What is required →
Omit the images, then print each record below exactly as it reads.

>>>

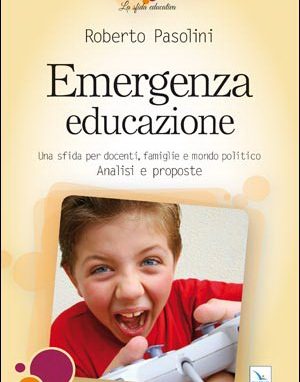 Educazione, la grande sfida del nostro tempo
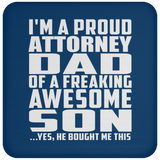 Proud Attorney Dad Of Awesome Son - Drink Coaster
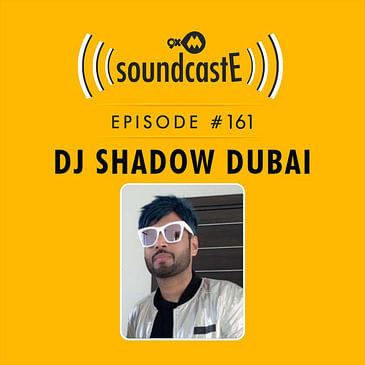Ep. 161 9XM SoundcasE ft. DJ Shadow Dubai
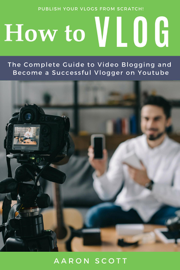 Vlog: The Complete Guide to Video Blogging and Become a Successful Vlogger on Youtube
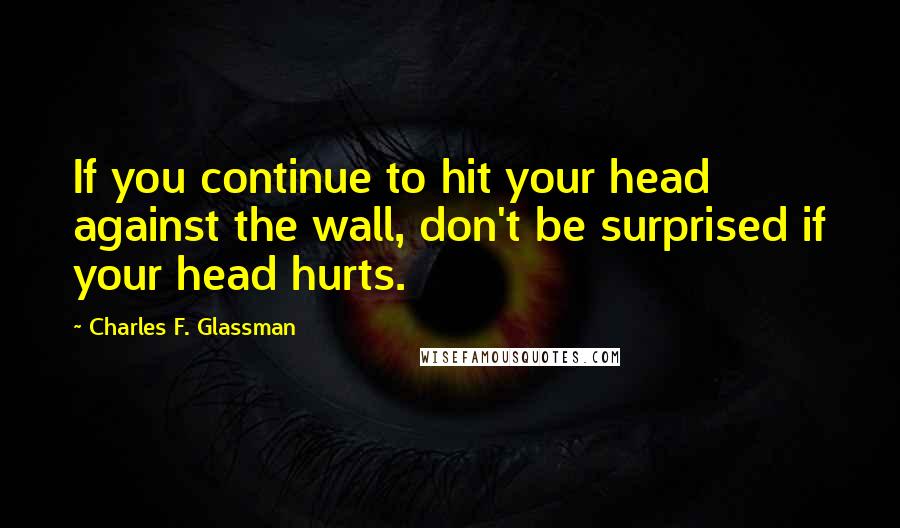 Charles F. Glassman Quotes: If you continue to hit your head against the wall, don't be surprised if your head hurts.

<<<

Task result →
 Educazione, la grande sfida del nostro tempo
 Proud Attorney Dad Of Awesome Son - Drink Coaster
Ep. 161 9XM SoundcasE ft. DJ Shadow Dubai
 Vlog: The Complete Guide to Video Blogging and Become a Successful Vlogger on Youtube
 Charles F. Glassman Quotes: If you continue to hit your head against the wall, don't be surprised if your head hurts.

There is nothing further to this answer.